Postel's Law isn't about automation, it's about where to apply effort.
Automatically fixing mistakes _at the time of their creation_ would be great,
but just like real life, there are a million ways something can be interpreted
wrong after the fact (and thus the wrong "fix" applied) and only one way to
interpret it right.

 _why should we force humans to jump through hoops?_

Humans have to jump through hoops to _create_ the robust error recovery.
Rather than the effort being evenly distributed among all parties when
everyone is conservative on both the production and acceptance side, the
producers can be really lazy and the acceptors have to jump through hoops to
accept all the lazy people's output. There is no automation here, _someone_
has to write the code that liberally accepts things, which is often a hard
task because of the many different ways things can be interpreted when they
are not specific and explicit.

 _2\. Why can't a parser be strictly standardized and liberal with its input
at the same time? If the spec provides error recovery behavior, what is wrong
with that?_

A parser that is liberal with its input _and_ provides robust error recovery
begets tag soup. The only people who like tag soup are those who want to be
lazy when producing it. It's more work, over all, to accept _all_ input and
try to figure out what was intended than it is to just say "I can't interpret
this" and tell the generator that they need to be more conservative in what
they generate (the other part of Postel's Law).
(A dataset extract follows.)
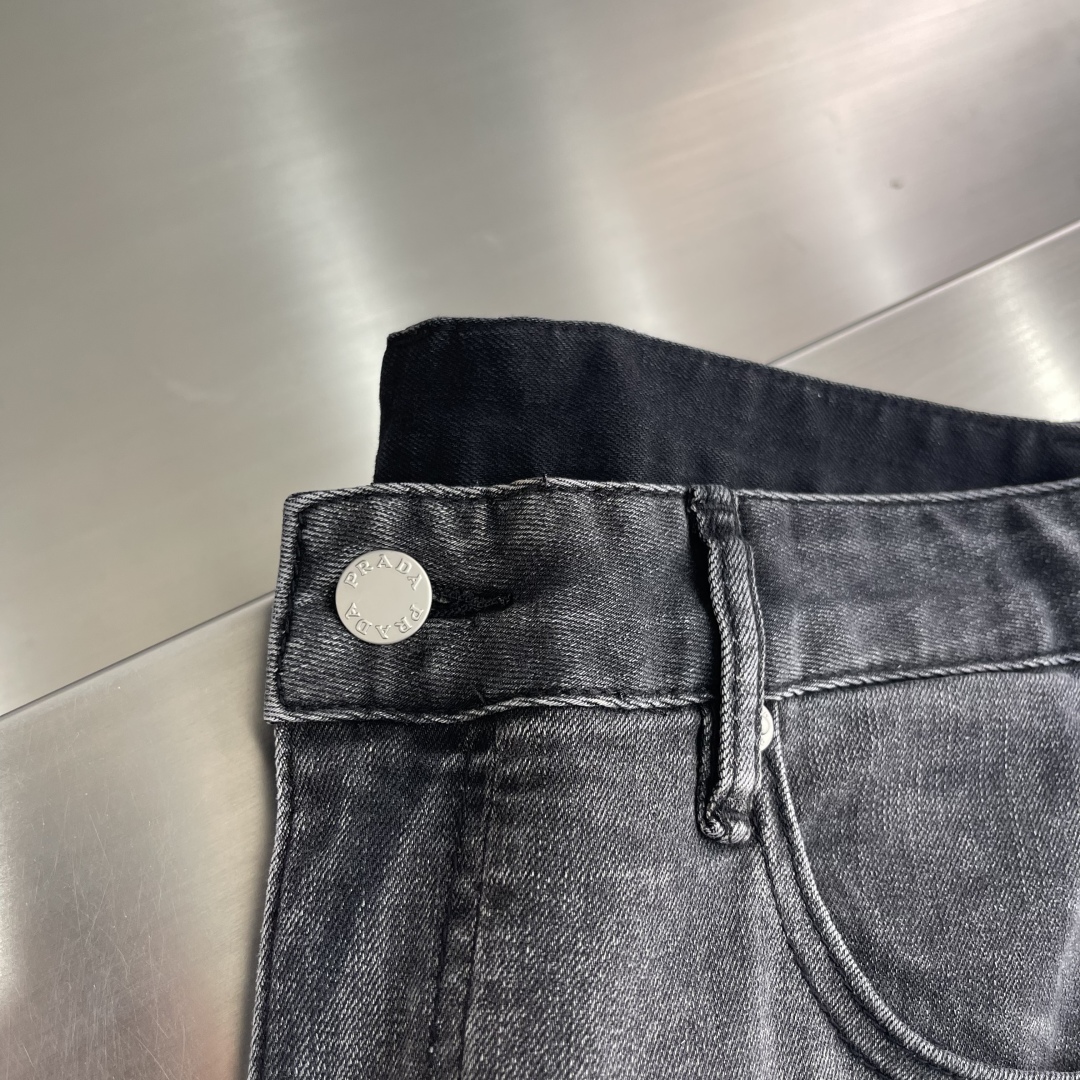 Men's Straight-Leg Sand Wash Gray Jeans with Leather Triangle Detail 5 cmp i1743849105084 5238 0 1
 _My point is that there's no such thing as too liberal as long as all parsers
implement the same exact kind of liberal parsing._

It's not the liberal parsing that is necessarily the problem, it's the second
order effect of liberal interpretation. If people can be liberal in their
parsing, then they can be liberal in their interpretation, and if we accept
that, we have to, as users, accept very little robust interoperability.

 _Our low-level communication protocols have no concept of invalid input, they
can recover from any random burst of garbage input_

"Recover"? If you don't do the TCP handshake in very specific ways, not only
does no other server talk to you, but you may end up breaking some of the
guarantees that TCP is supposed to provide. Random garbage that sets the RST
bit in a TCP packet closes the connection, it doesn't "recover" from that.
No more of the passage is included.